She’s a sweet lady with two little girls, but the meat of the question is how the Church (and laity) handle these things concerning other faiths or the lack thereof. We have a different understanding of marriage then the rest of the world. Naturally, he just asked me to be in the wedding, I’m assuming as either the best man or some other person.

Next steps?
 
My raised protestant/meh brother is marrying a secular/meh Indian (Asian) woman who was previously in a marriage with another guy in what I believe was a Hindu context.

She’s a sweet lady with two little girls, but the meat of the question is how the Church (and laity) handle these things concerning other faiths or the lack thereof. We have a different understanding of marriage then the rest of the world. Naturally, he just asked me to be in the wedding, I’m assuming as either the best man or some other person.

Next steps?
Hi!
…I may not be the best respondent since I am biased (Sacramental Marriage); my understanding is that most (if not all) non-Catholic Christians buy into the divorce and remarry (as often as you want) rule; they do not believe in the Sacrament of Matrimony (they reject Christ’s Command completely–but of course their claims is that there’s no such Sacrament); so here’s the pickle: do you believe that they are wrong in contracting this marriage or better yet, would they believe that your participation in their wedding would mean that the Catholic Church approves of their vows?

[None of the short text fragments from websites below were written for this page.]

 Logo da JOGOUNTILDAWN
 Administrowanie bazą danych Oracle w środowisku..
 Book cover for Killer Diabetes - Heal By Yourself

Conversely, if non-believers would ask you to partake of their civil wedding, would you have a problem with it–would they think that by your assent the Catholic Church is signaling her acceptance of a marriage outside of the Church?

Maran atha!

Angel
 
Don’t run the risk of ruining your relationship with your brother and his soon to be wife or give them a reason to resent Catholicism. Attend the wedding. Be in the wedding party if he asks you and it’s not a religious ceremony. Be a good example and a loving brother. That may be the seed for his eventual conversion.
 
Hi!
…I may not be the best respondent since I am biased (Sacramental Marriage); my understanding is that most (if not all) non-Catholic Christians buy into the divorce and remarry (as often as you want) rule; they do not believe in the Sacrament of Matrimony (they reject Christ’s Command completely–but of course their claims is that there’s no such Sacrament); so here’s the pickle: do you believe that they are wrong in contracting this marriage or better yet, would they believe that your participation in their wedding would mean that the Catholic Church approves of their vows?

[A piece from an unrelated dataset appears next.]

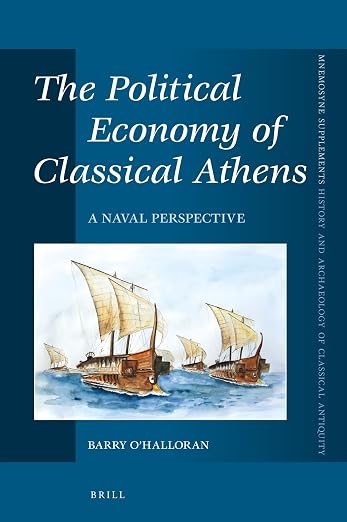 The Political Economy of Classical Athens: A Naval Perspective (Mnemosyne, Supplements, 425)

Conversely, if non-believers would ask you to partake of their civil wedding, would you have a problem with it–would they think that by your assent the Catholic Church is signaling her acceptance of a marriage outside of the Church?

Maran atha!

Angel
Well, I have no idea.

The Church doesn’t really disapprove/approve of non-Catholic weddings. i.e. if a Jewish or Muslim or protestant wedding occurs, it isn’t as though they are sinning - they very well might be doing something that is virtuous in of itself - but generally speaking it wouldn’t be a sacramental marriage. I think ‘natural marriage’ is the term used. So whether or not the Church (or really, Christ) approves or disapproves of the wedding is an unknown. The idea of explicitly not attending weddings that aren’t Catholic seem strange to me and I’m not aware of this being practiced. The only caveat that made me slightly uncomfortable is that the woman was previously married and then divorced, though in something far different from a sacramental Catholic context, so I felt the need to ask. They were also already cohabiting, etc… I could easily make a small list of sins if I wanted to of the things they were doing that they ideally ought not to have been doing, although I’m not in the business of condemning. They are semi-religious/semi-‘meh’ people and they therefore behave as one would expect them to behave. In one respect, yeah, they’re obviously not devout Catholics or AFAIK devout Christians and the Catholic theology on marriage is alien to both of them. In another respect, I could also see them transitioning into a marriage as an objectively good thing relative to where they were. A stable, permanent position in life can put a person into a better disposition to adopt more culture of life/family oriented values and ultimately lead through degrees of inner conversion.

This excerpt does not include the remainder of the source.